Ding Huijun, He Qing, Zhou Yongjin, Dan Guo, Cui Song
Guangdong Key Laboratory for Biomedical Measurements and Ultrasound Imaging, School of Biomedical Engineering, Health Science Center, Shenzhen University, Guangdong, China.
Center for Neurorehabilitation, Shenzhen Institute of Neuroscience, Guangdong, China.
Front Neurol. 2017 Nov 8;8:573. doi: 10.3389/fneur.2017.00573. eCollection 2017.
Motion-intent-based finger gesture recognition systems are crucial for many applications such as prosthesis control, sign language recognition, wearable rehabilitation system, and human-computer interaction. In this article, a motion-intent-based finger gesture recognition system is designed to correctly identify the tapping of every finger for the first time. Two auto-event annotation algorithms are firstly applied and evaluated for detecting the finger tapping frame.
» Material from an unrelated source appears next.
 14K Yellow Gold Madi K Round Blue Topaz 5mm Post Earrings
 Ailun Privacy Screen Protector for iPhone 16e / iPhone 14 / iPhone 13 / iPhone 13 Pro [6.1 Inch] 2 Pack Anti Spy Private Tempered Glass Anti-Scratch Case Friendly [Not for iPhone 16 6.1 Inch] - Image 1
Based on the truncated signals, the Wavelet packet transform (WPT) coefficients are calculated and compressed as the features, followed by a feature selection method that is able to improve the performance by optimizing the feature set. Finally, three popular classifiers including naive Bayes (NBC), K-nearest neighbor (KNN), and support vector machine (SVM) are applied and evaluated. The recognition accuracy can be achieved up to 94%. The design and the architecture of the system are presented with full system characterization results.
基于运动意图的手指手势识别系统对于许多应用至关重要,如假肢控制、手语识别、可穿戴康复系统和人机交互。在本文中,首次设计了一种基于运动意图的手指手势识别系统,以正确识别每个手指的敲击动作。首先应用并评估了两种自动事件标注算法来检测手指敲击帧。基于截断信号,计算小波包变换(WPT)系数并将其压缩作为特征,随后采用一种能够通过优化特征集来提高性能的特征选择方法。最后,应用并评估了三种流行的分类器,包括朴素贝叶斯(NBC)、K近邻(KNN)和支持向量机(SVM)。识别准确率可达94%。文中给出了系统的设计、架构以及完整的系统特性结果。